** Data provided follows **

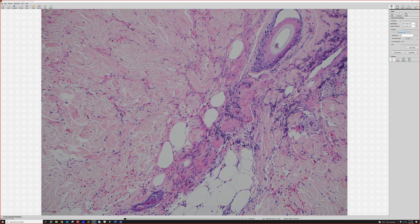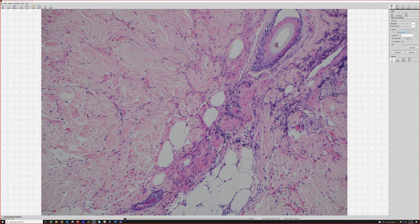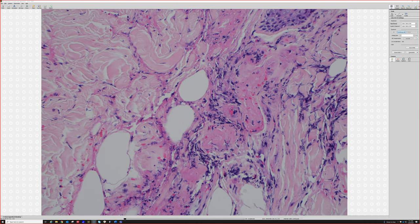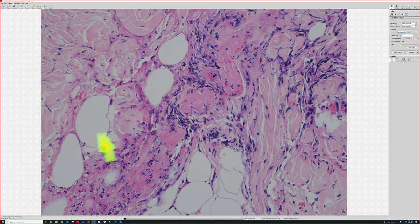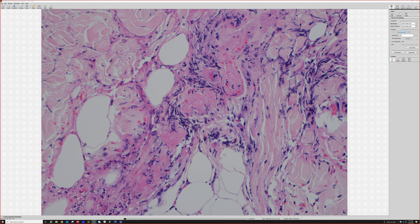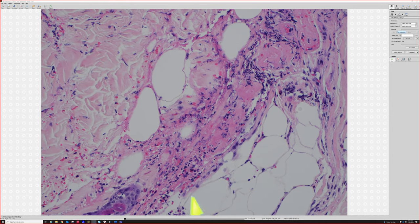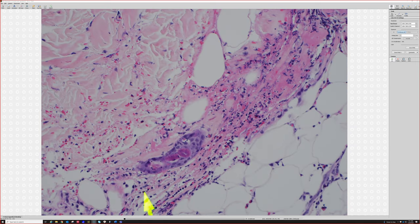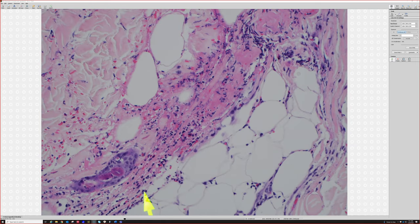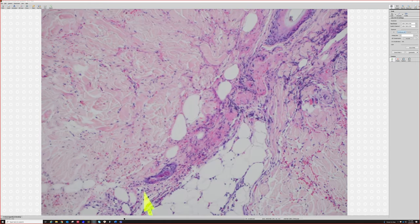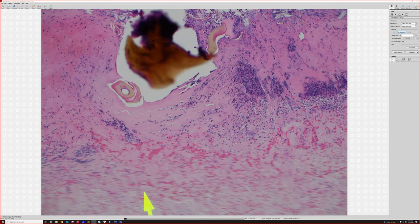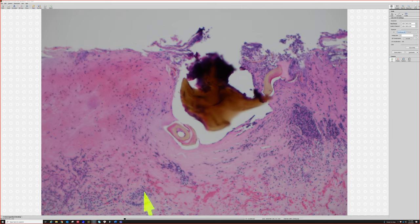Sometimes in arthropod bites you can get vasculitis or even thrombi. And look, that's what we're seeing here — there's a thrombosed vessel right here. Fibrin thrombi filling the vessel, and then some neutrophil and karyorrhectic debris — nuclear debris. So there's actually a secondary vasculitis incited by the arthropod bite. You can see that also under scabies — fibrin thrombi under scabies.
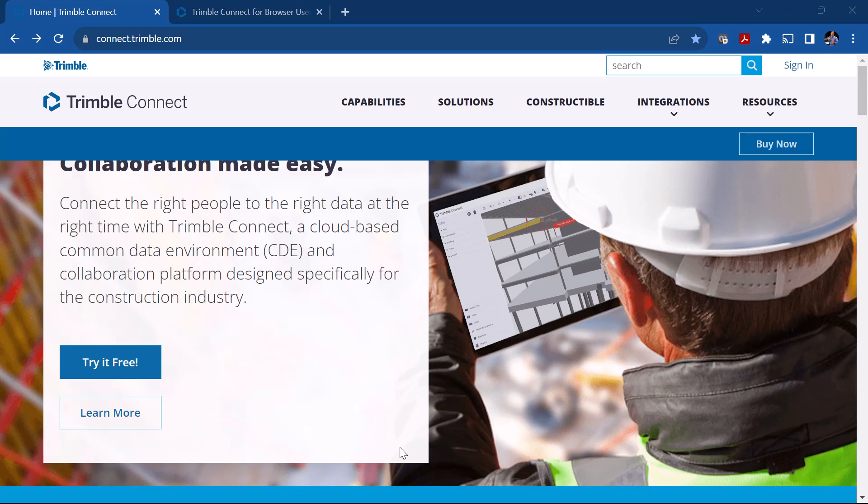In this video we're going to walk through how to set up a Connect project and we will also discuss how to use that project as a template for future projects.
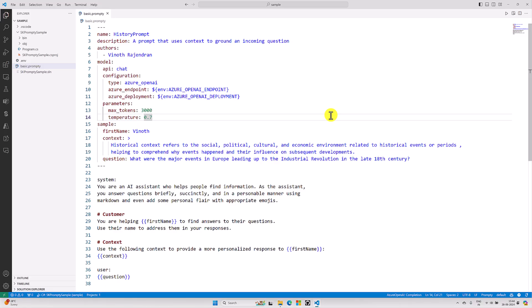Hello guys, welcome to my video series tutorial about Microsoft Semantic Kernel. In our last video we talked about what a prompt file is and how to create it using Visual Studio Code. In this video I'm going to focus on how to use this prompt file in our Semantic Kernel application.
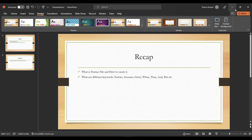Hello guys, welcome back to my channel Prince Automation Destination. In continuation to our previous lecture about BDD, we are going to discuss a few more topics on BDD today. Before we jump onto that, first we are going to discuss about what we have covered so far.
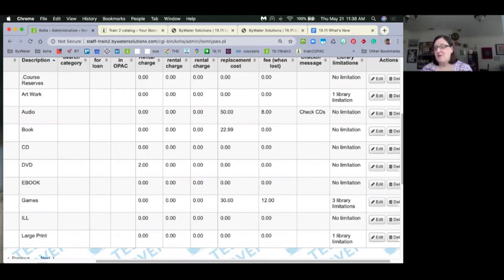For example, games are only used at two libraries, so only those two branches will see that item type. The library limitation box defaults to all libraries, or you can pick and choose which locations have access to a given item type. Multi-library consortiums are going to love this one.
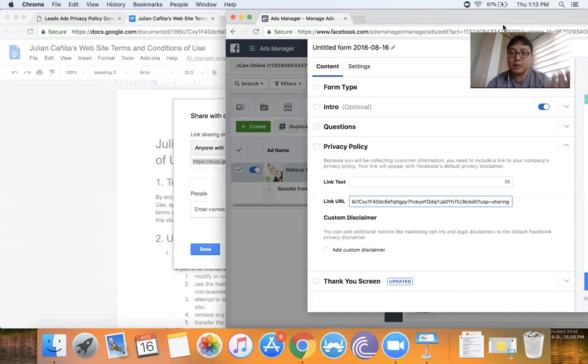Especially kung important na importante yung makakatulong yung lead ads sa'yo, this is a perfect way to simply provide that privacy policy so you can run your ads in peace. I hope that helps. Have a great week. Bye-bye.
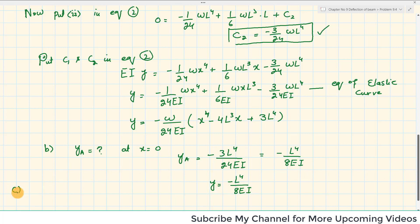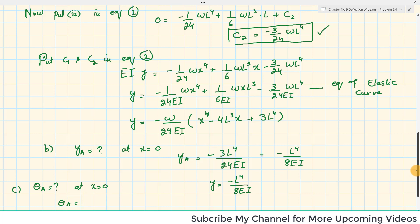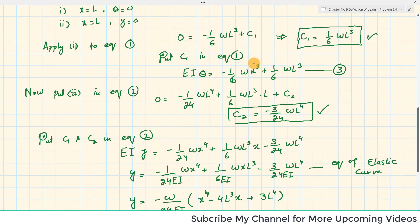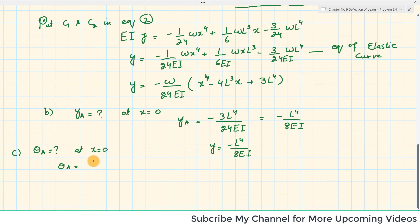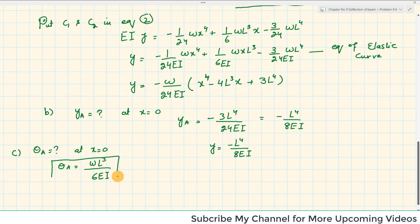For Part C, we find the slope at the free end. At x = 0, substituting into the slope equation (Equation 1 with C₁): the x³ term vanishes, giving θA = WL³/(6EI). Since θ is positive, the slope is in the counterclockwise direction.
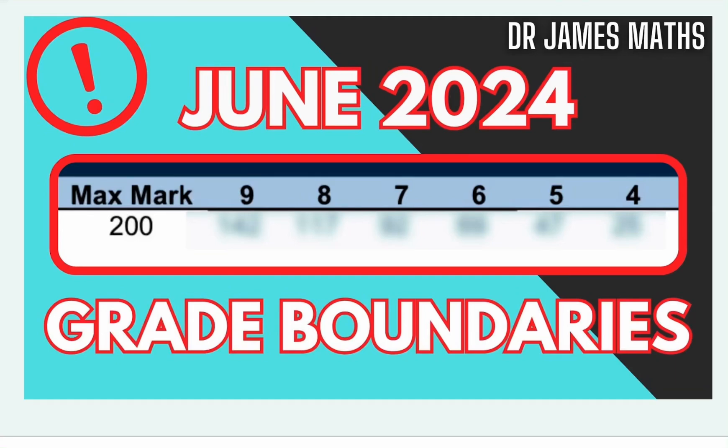Hello and welcome to today's video. Today we'll be reacting to IGCSE Edexcel Maths Paper 2 and discussing the grade boundaries for it.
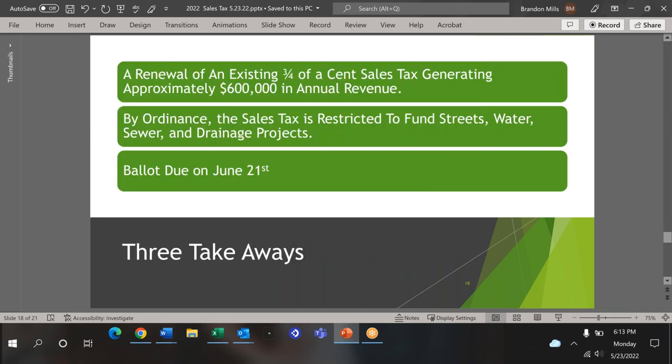Again, these are the three most important pieces of information to take away from the presentation: it's a renewal of a three-quarter cent sales tax for capital projects, not an increase or a decrease. It is restricted for streets, water, sewer and drainage projects. And the mail-in ballot is due on June 21st.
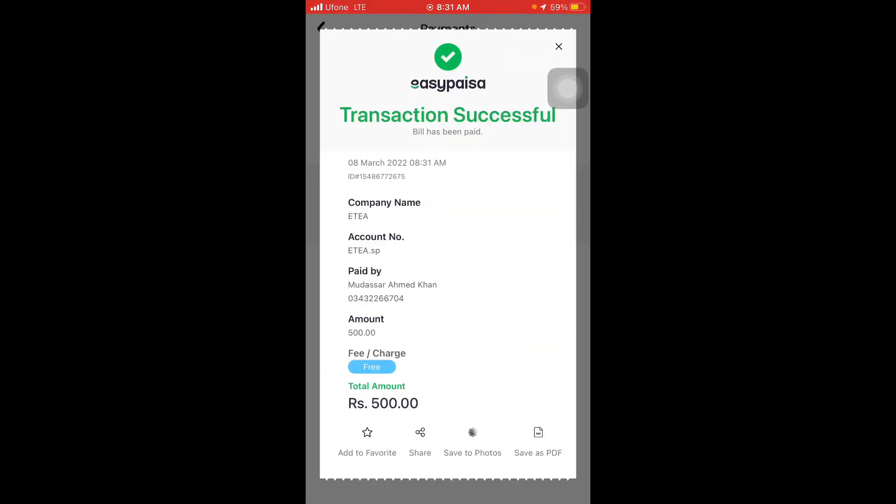You can see that my fee has been submitted. The fee for the post you applied for has been submitted. This is the procedure for paying ITA fee through EasyPaisa application. Don't forget to subscribe to the channel. Thank you, bye bye.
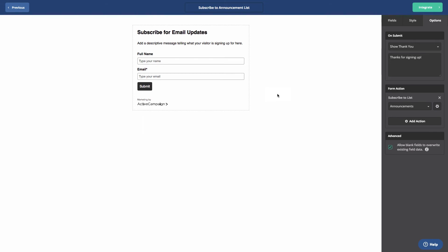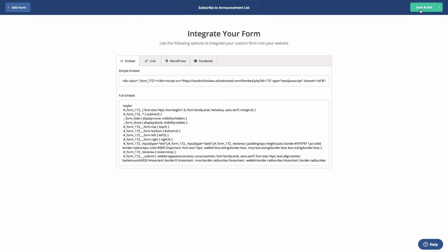To exit out of your form, click Integrate. Then, click Save and Exit.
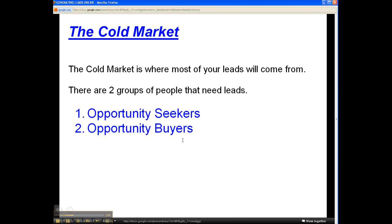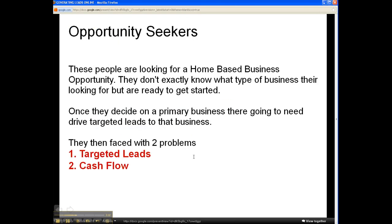The cold market is where you will get most of your leads from. There are two groups of people that need these leads: opportunity seekers and opportunity buyers. The opportunity seeker is looking for a home-based business, may not know exactly what type of business they're looking for, but they're just looking for a little guidance. Once they decide on a primary business, they run into the number one and two problems faced by most marketers: one, getting targeted leads, and two, cash flow.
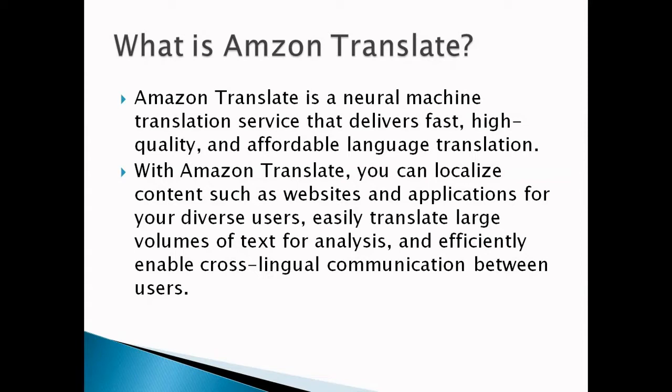Intento recently ranked Amazon Translate as the top machine translation provider in 2020 across 14 language pairs, 16 industry sectors, and each content type, which is a big achievement for any cloud provider.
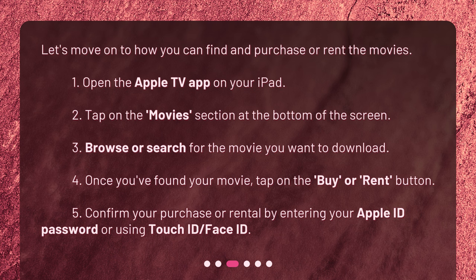3. Browse or search for the movie you want to download. 4. Once you've found your movie, tap on the Buy or Rent button. 5. Confirm your purchase or rental by entering your Apple ID password or using Touch ID or Face ID.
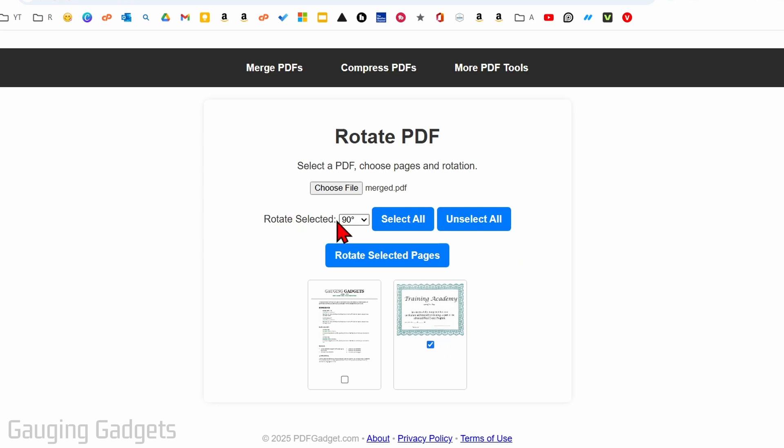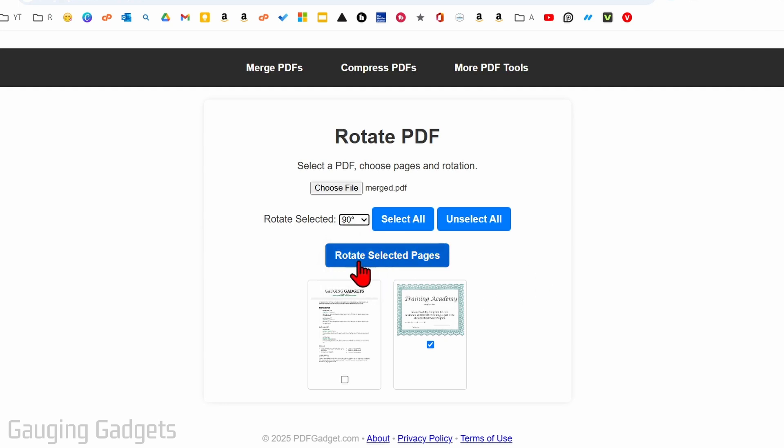From there you can select how much you want to rotate it: 90 degrees, 180, or 270. I'm just going to turn mine 90 degrees and then I'll select rotate selected pages.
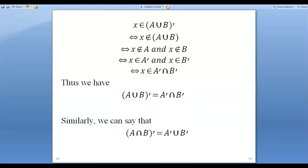If we are saying that X does not belong to A union B, union is normally represented by 'or,' but here instead of writing 'or' we write 'and,' because X does not belong to A and X does not belong to B. Now if X belongs to A union B that means X belongs to its complement — this implies X belongs to A' and X belongs to B'. And if X is belonging to both A' and B', then according to the definition of intersection, X will belong to A' intersection B'.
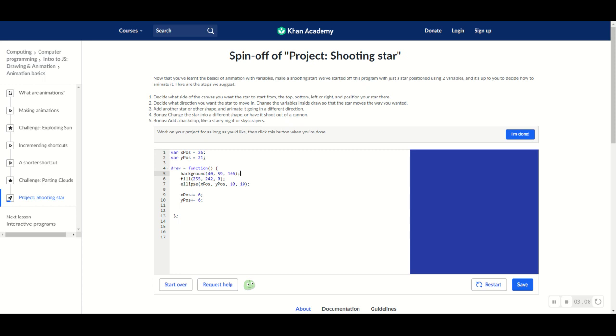Let's go ahead and do step three. Add another star or other shape and animate it going in a different direction. So, I'm thinking about just making the same ellipse, same dimensions, except obviously in a different position and shooting in a different direction. To do that, I'm going to keep these two numbers the same, but change the position of these two numbers.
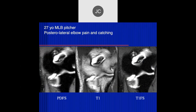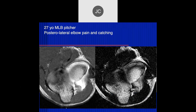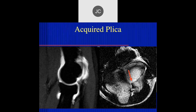Here's a patient with lateral elbow pain and catching. At the radiocapitellar joint there might be some abnormal soft tissue within the joint space. On the axial images we can see it running through here. This was thought to be an acquired plica - they did arthroscopy, removed it, and the symptoms went away. So it can be real.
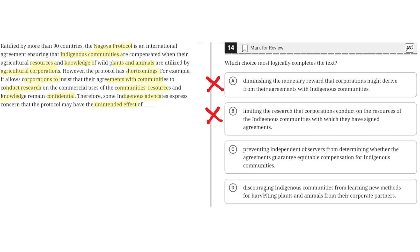D: Discouraging indigenous communities from learning new methods for harvesting plants and animals from their corporate partners. This is incorrect because the text shows that the corporations learned new methods from indigenous communities, not that the indigenous communities learned these from their corporate partners. So D is incorrect.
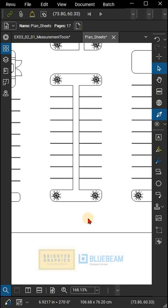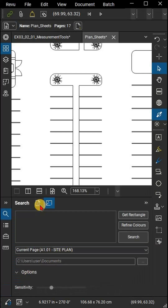You can search for all instances of a visual cue or object that occurs in a document. To use visual search, open the search panel and click the visual search button.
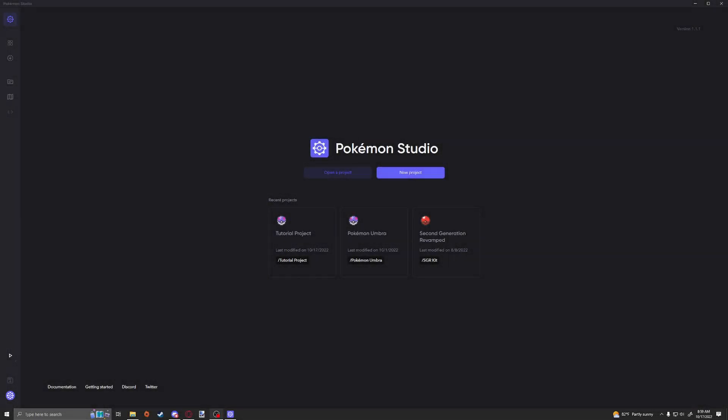Hi there and welcome back to my how to make a Pokemon fan game using PSDK tutorial series. Today we're going to be going over how to make new moves and modifying existing moves, things that you could really do in Pokemon Studio with no programming knowledge. That's what the first few episodes of the series are supposed to be about. Without further ado, let's jump right into it.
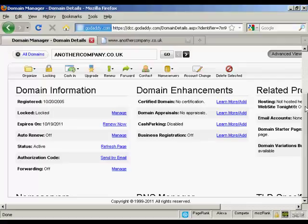I'm using GoDaddy for this demonstration because this is where I happen to have this particular domain registered. But the procedures are similar for other domain hosts and others will simply do it for you if you send them an email.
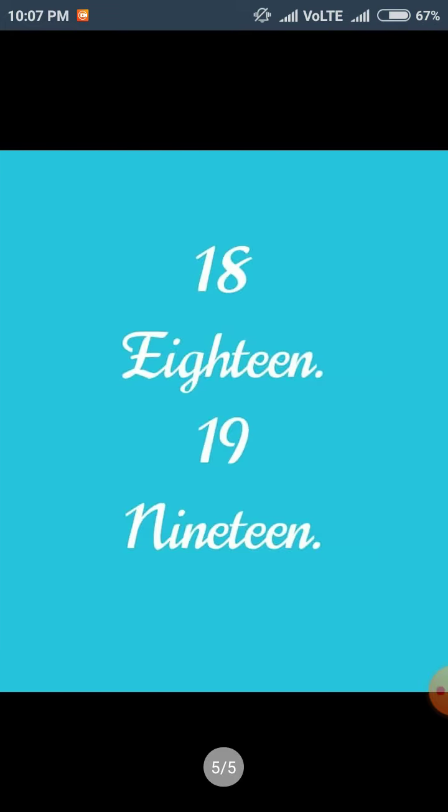Repeat once again. EIGHTEEN, 18. NINETEEN, 19.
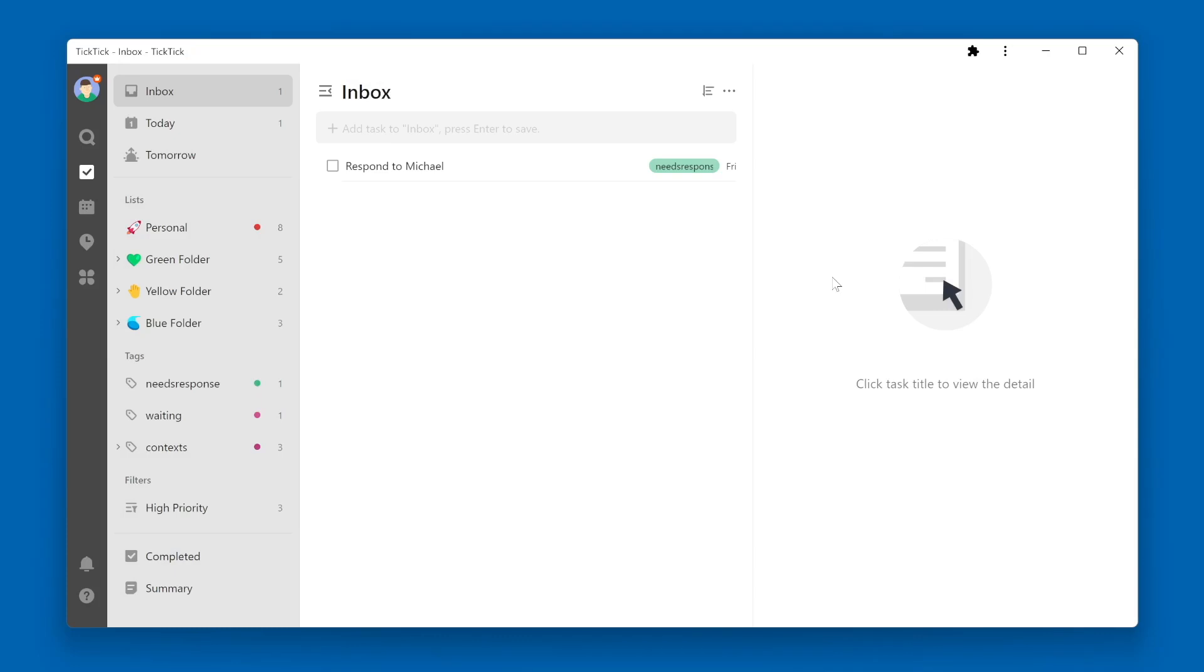If you want to easily access a list, filter, or tag, you might opt to pin a list, filter, or tag to the top of your TickTick. Let's start with a list.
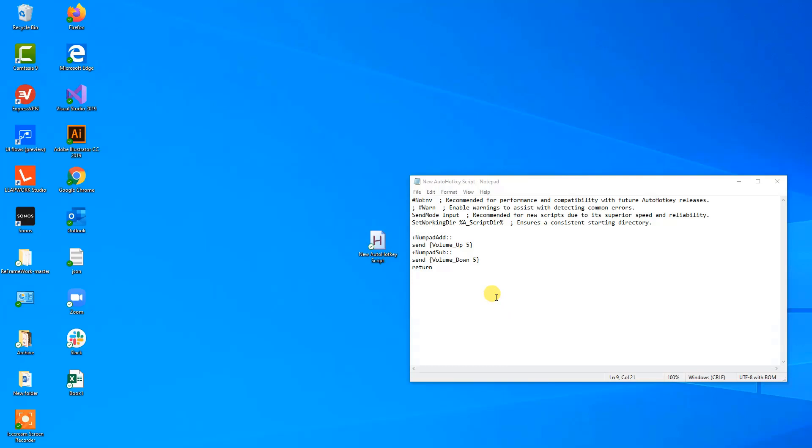Now let's just finish the script. We want to know how to mute everything, and what I want to do is that whenever I press shift and then the multiplier, that's the star on the numpad, then we want to say plus and then numpad mult for multiplication.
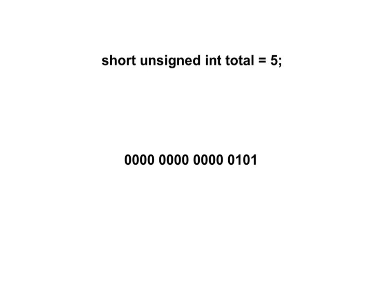We know that the binary for the number 5 is 0101. If we assume that this variable would take up 2 bytes, then it would look like this in memory.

** End of Data provided **

## Description of the task
Reproduce the data above verbatim, minus any images.

## Result of the task
Sometimes in arthropod bites you can get vasculitis or even thrombi. And look, that's what we're seeing here — there's a thrombosed vessel right here. Fibrin thrombi filling the vessel, and then some neutrophil and karyorrhectic debris — nuclear debris. So there's actually a secondary vasculitis incited by the arthropod bite. You can see that also under scabies — fibrin thrombi under scabies.
In this video we're going to walk through how to set up a Connect project and we will also discuss how to use that project as a template for future projects.
Hello guys, welcome to my video series tutorial about Microsoft Semantic Kernel. In our last video we talked about what a prompt file is and how to create it using Visual Studio Code. In this video I'm going to focus on how to use this prompt file in our Semantic Kernel application.
Hello guys, welcome back to my channel Prince Automation Destination. In continuation to our previous lecture about BDD, we are going to discuss a few more topics on BDD today. Before we jump onto that, first we are going to discuss about what we have covered so far.
For example, games are only used at two libraries, so only those two branches will see that item type. The library limitation box defaults to all libraries, or you can pick and choose which locations have access to a given item type. Multi-library consortiums are going to love this one.
Especially kung important na importante yung makakatulong yung lead ads sa'yo, this is a perfect way to simply provide that privacy policy so you can run your ads in peace. I hope that helps. Have a great week. Bye-bye.
For Part C, we find the slope at the free end. At x = 0, substituting into the slope equation (Equation 1 with C₁): the x³ term vanishes, giving θA = WL³/(6EI). Since θ is positive, the slope is in the counterclockwise direction.
Hello and welcome to today's video. Today we'll be reacting to IGCSE Edexcel Maths Paper 2 and discussing the grade boundaries for it.
Again, these are the three most important pieces of information to take away from the presentation: it's a renewal of a three-quarter cent sales tax for capital projects, not an increase or a decrease. It is restricted for streets, water, sewer and drainage projects. And the mail-in ballot is due on June 21st.
You can see that my fee has been submitted. The fee for the post you applied for has been submitted. This is the procedure for paying ITA fee through EasyPaisa application. Don't forget to subscribe to the channel. Thank you, bye bye.
To exit out of your form, click Integrate. Then, click Save and Exit.
The cold market is where you will get most of your leads from. There are two groups of people that need these leads: opportunity seekers and opportunity buyers. The opportunity seeker is looking for a home-based business, may not know exactly what type of business they're looking for, but they're just looking for a little guidance. Once they decide on a primary business, they run into the number one and two problems faced by most marketers: one, getting targeted leads, and two, cash flow.
Intento recently ranked Amazon Translate as the top machine translation provider in 2020 across 14 language pairs, 16 industry sectors, and each content type, which is a big achievement for any cloud provider.
3. Browse or search for the movie you want to download. 4. Once you've found your movie, tap on the Buy or Rent button. 5. Confirm your purchase or rental by entering your Apple ID password or using Touch ID or Face ID.
From there you can select how much you want to rotate it: 90 degrees, 180, or 270. I'm just going to turn mine 90 degrees and then I'll select rotate selected pages.
If we are saying that X does not belong to A union B, union is normally represented by 'or,' but here instead of writing 'or' we write 'and,' because X does not belong to A and X does not belong to B. Now if X belongs to A union B that means X belongs to its complement — this implies X belongs to A' and X belongs to B'. And if X is belonging to both A' and B', then according to the definition of intersection, X will belong to A' intersection B'.
Let's go ahead and do step three. Add another star or other shape and animate it going in a different direction. So, I'm thinking about just making the same ellipse, same dimensions, except obviously in a different position and shooting in a different direction. To do that, I'm going to keep these two numbers the same, but change the position of these two numbers.
Here's a patient with lateral elbow pain and catching. At the radiocapitellar joint there might be some abnormal soft tissue within the joint space. On the axial images we can see it running through here. This was thought to be an acquired plica - they did arthroscopy, removed it, and the symptoms went away. So it can be real.
D: Discouraging indigenous communities from learning new methods for harvesting plants and animals from their corporate partners. This is incorrect because the text shows that the corporations learned new methods from indigenous communities, not that the indigenous communities learned these from their corporate partners. So D is incorrect.
You can search for all instances of a visual cue or object that occurs in a document. To use visual search, open the search panel and click the visual search button.
Hi there and welcome back to my how to make a Pokemon fan game using PSDK tutorial series. Today we're going to be going over how to make new moves and modifying existing moves, things that you could really do in Pokemon Studio with no programming knowledge. That's what the first few episodes of the series are supposed to be about. Without further ado, let's jump right into it.
I'm using GoDaddy for this demonstration because this is where I happen to have this particular domain registered. But the procedures are similar for other domain hosts and others will simply do it for you if you send them an email.
Repeat once again. EIGHTEEN, 18. NINETEEN, 19.
If you want to easily access a list, filter, or tag, you might opt to pin a list, filter, or tag to the top of your TickTick. Let's start with a list.
Now let's just finish the script. We want to know how to mute everything, and what I want to do is that whenever I press shift and then the multiplier, that's the star on the numpad, then we want to say plus and then numpad mult for multiplication.
We know that the binary for the number 5 is 0101. If we assume that this variable would take up 2 bytes, then it would look like this in memory.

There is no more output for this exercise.